*Problem details*: I need an exact copy of the lines from the one containing "BMW 5 Series 520i 2015" through the end of the records, without any pictures.
___
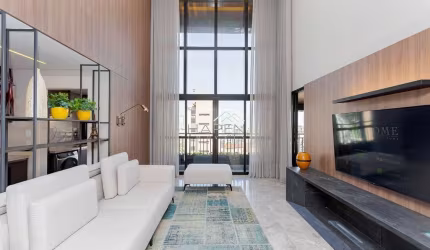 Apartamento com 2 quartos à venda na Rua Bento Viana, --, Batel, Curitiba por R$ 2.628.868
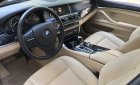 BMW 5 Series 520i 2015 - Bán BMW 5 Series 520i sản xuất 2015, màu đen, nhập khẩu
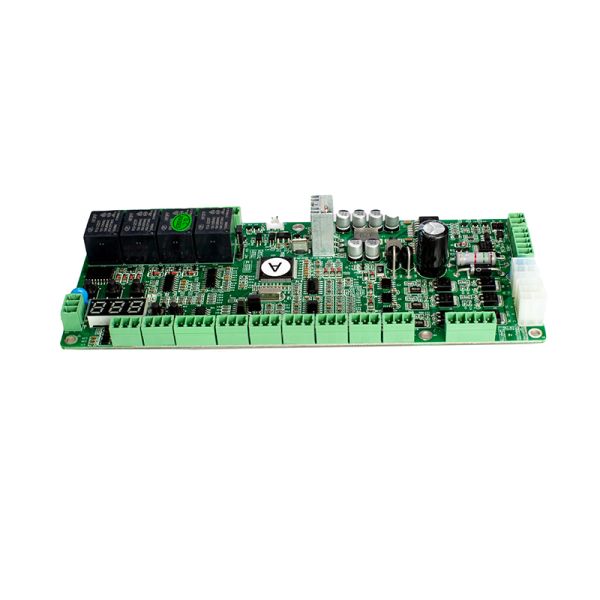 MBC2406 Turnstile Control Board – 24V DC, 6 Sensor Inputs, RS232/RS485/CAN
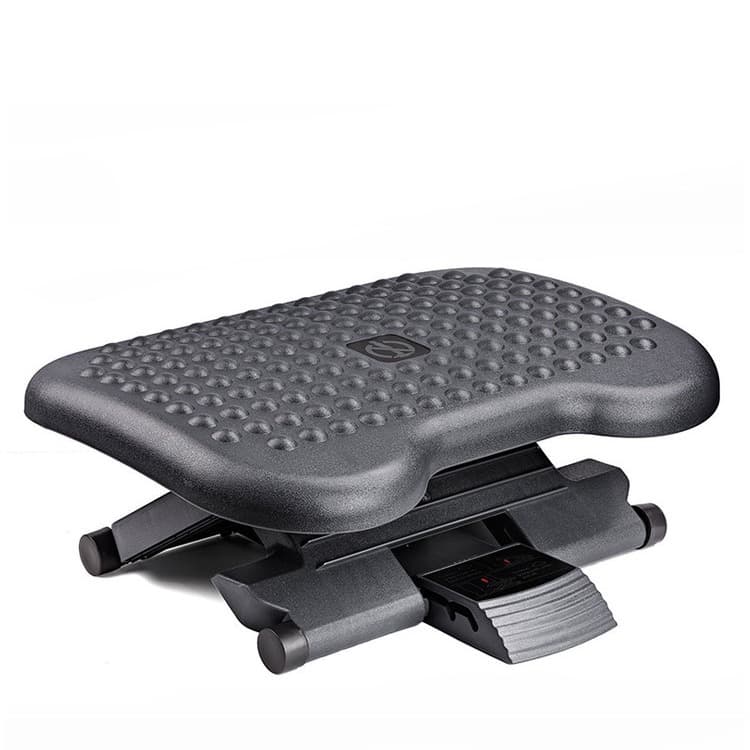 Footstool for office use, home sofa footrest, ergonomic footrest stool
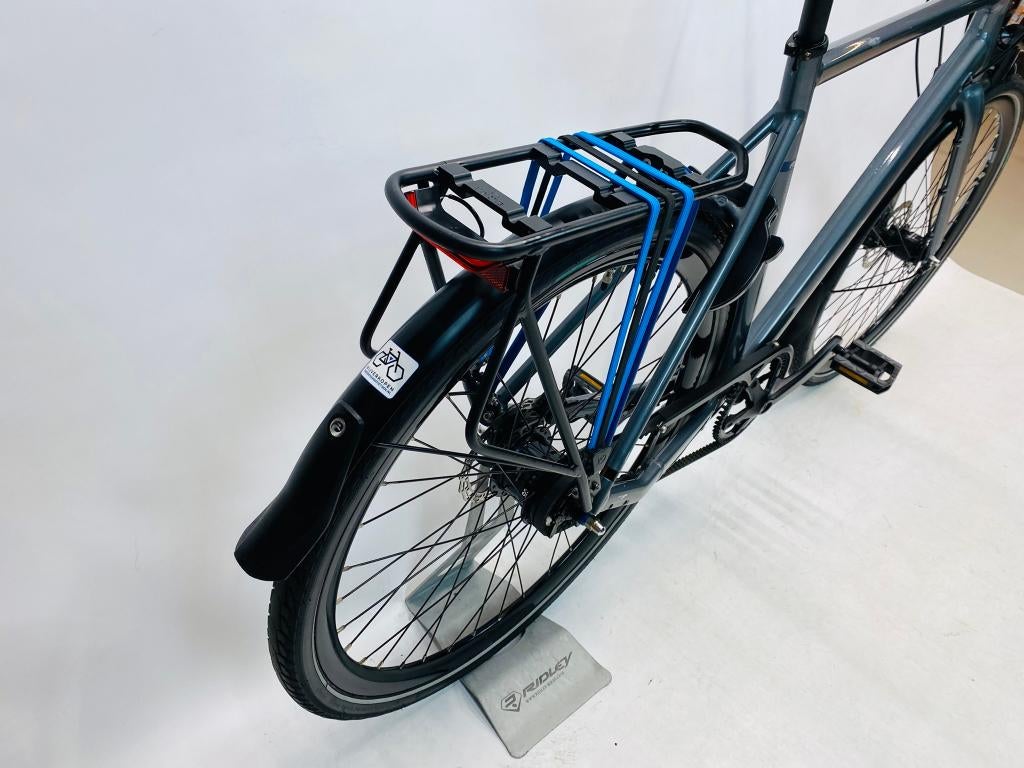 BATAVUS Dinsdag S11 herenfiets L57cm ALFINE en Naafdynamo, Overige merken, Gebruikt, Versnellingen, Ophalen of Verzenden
___
*Task result*:
 BMW 5 Series 520i 2015 - Bán BMW 5 Series 520i sản xuất 2015, màu đen, nhập khẩu
 MBC2406 Turnstile Control Board – 24V DC, 6 Sensor Inputs, RS232/RS485/CAN
 Footstool for office use, home sofa footrest, ergonomic footrest stool
 BATAVUS Dinsdag S11 herenfiets L57cm ALFINE en Naafdynamo, Overige merken, Gebruikt, Versnellingen, Ophalen of Verzenden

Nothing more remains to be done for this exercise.